Custom encoders / running without torch¶
groundlens defaults to loading a sentence-transformers model
(Snowflake/snowflake-arctic-embed-l-v2.0) on first use. You can override
this entirely by supplying your own embedding function. This lets you:
- bring an encoder groundlens does not load itself (a hosted embedding API, a quantized local model, an in-house model);
- reuse precomputed embeddings without re-encoding;
- run SGI/DGI without installing torch — the custom-encoder path never
imports
sentence-transformers.
The encoder contract¶
An encoder is a callable taking list[str] and returning an (n, d)
array (numpy or array-like; it is coerced to float32).
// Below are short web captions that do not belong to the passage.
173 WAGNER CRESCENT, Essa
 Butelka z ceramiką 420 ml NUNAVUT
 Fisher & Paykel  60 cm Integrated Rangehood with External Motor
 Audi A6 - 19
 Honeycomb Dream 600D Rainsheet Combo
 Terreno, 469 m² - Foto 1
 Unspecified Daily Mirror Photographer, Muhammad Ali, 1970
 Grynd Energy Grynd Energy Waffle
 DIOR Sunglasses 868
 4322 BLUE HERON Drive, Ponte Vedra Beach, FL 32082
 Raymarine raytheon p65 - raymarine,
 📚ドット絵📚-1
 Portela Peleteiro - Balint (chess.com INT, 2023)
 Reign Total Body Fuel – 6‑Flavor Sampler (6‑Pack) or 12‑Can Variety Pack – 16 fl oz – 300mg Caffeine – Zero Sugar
The type alias
groundlens.EmbeddingFn captures this:
Two common shapes satisfy it:
# 1. A SentenceTransformer's bound .encode method.
from sentence_transformers import SentenceTransformer
encoder = SentenceTransformer("all-MiniLM-L6-v2").encode
# 2. A plain function (here a hosted embedding API).
import numpy as np
def encoder(texts: list[str]) -> np.ndarray:
vectors = my_embedding_api.embed(texts) # returns list[list[float]]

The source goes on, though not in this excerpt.